Some changes have been made to the original plan, based on what we have learned, and on things that did not work as we had expected. Thus, the idea to remoderate the beam to produce smaller spots in a region of zero magnetic field was (at least for now) abandoned. We found that we could do many of the experiments this would have facilitated using the system as it was originally configured. One exception to this was the two-photon direct Rydberg excitation scheme, which requires a larger power density and thus a focussed laser and small Ps source. Attempts to generate Ps with n = 10 in this way failed, almost certainly because the positron beam was too large. However, many other experiments worked, as indicated by our publications. The variety of our work demonstrates that the CIG has been successful in terms of making it possible to engage in collaborative research. Thanks in part to the freedom allowed by the CIG structure I have been able to directly collaborate with several research groups, as indicated below:

(1)Antihydrogen Production and Mesoporous silica films: L. Liszkay CEA Saclay, France

(2) Electron-positron plasma production: T. S. Pedersen, Max Planck Institute for Plasma Physics, Garching, Germany

(3) Positron-Atom bound states confined Ps : G. Gribakin, Queen’s University Belfast, UK

(4) Production and characterization of Zeolite Ps sources: P. Crivelli, ETH, Zurich, Switzerland

(5) Development of alternative trap technology: Z. Petrovic, Institute of Physics, Belgrade, Serbia

(6) EPR/positron studies of silica films: D. Keeble, University of Dundee

(7) Precision Rydberg spectroscopy: R. Pohl, JG University, Mainz, Germany

(8) Interferometry of macroscopic systems: H. Ullbricht, University of Southampton, UK

In addition to visiting collaborators or purchasing small items to facilitate collaborative research efforts, some CIG funds were used to help organize a workshop at UCL: the Workshop on Antimatter and Gravity (WAG) meeting is a fledgling workshop that will grow in future years as research into gravitational interactions of antimatter increase (several CERN experiments are looking at antihydrogen, and experiments with muonium at PSI have been discussed also). It was this very beneficial for us at UCL to host this meeting, whose importance I expect to increase as more experiments com online.

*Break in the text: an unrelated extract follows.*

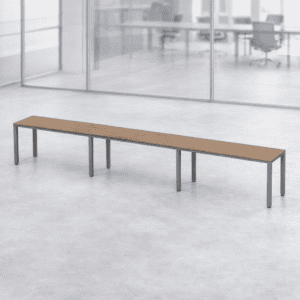 Banco de oficina con superficie de madera y estructura metálica resistente.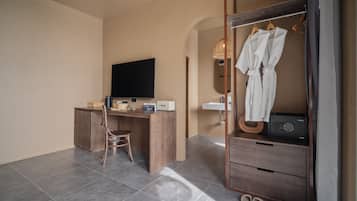 Pool Access | Caja de seguridad en la habitación, escritorio y wifi gratis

I have now been promoted to Reader and have a very productive research group, currently consisting of two PhD students and two postdocs (funded by the EPSRC and the Leverhulme Trust, UK). The additional CIG funds have been invaluable with facilitating many small experiments, but have mostly been used for the collaborative work mentioned above. The other sources of funding, although substantial, are much more restrictive, so I really appreciate that CIG model and am convinced that it has had a disproportionate benefit to my work. During the curse of the CIG I have been able to obtain significant finding from the UK government EPSRC via two grants: EP/R006474/1 [2017-2021] £802k and EP/K028774/1 [2013-2017] £694k.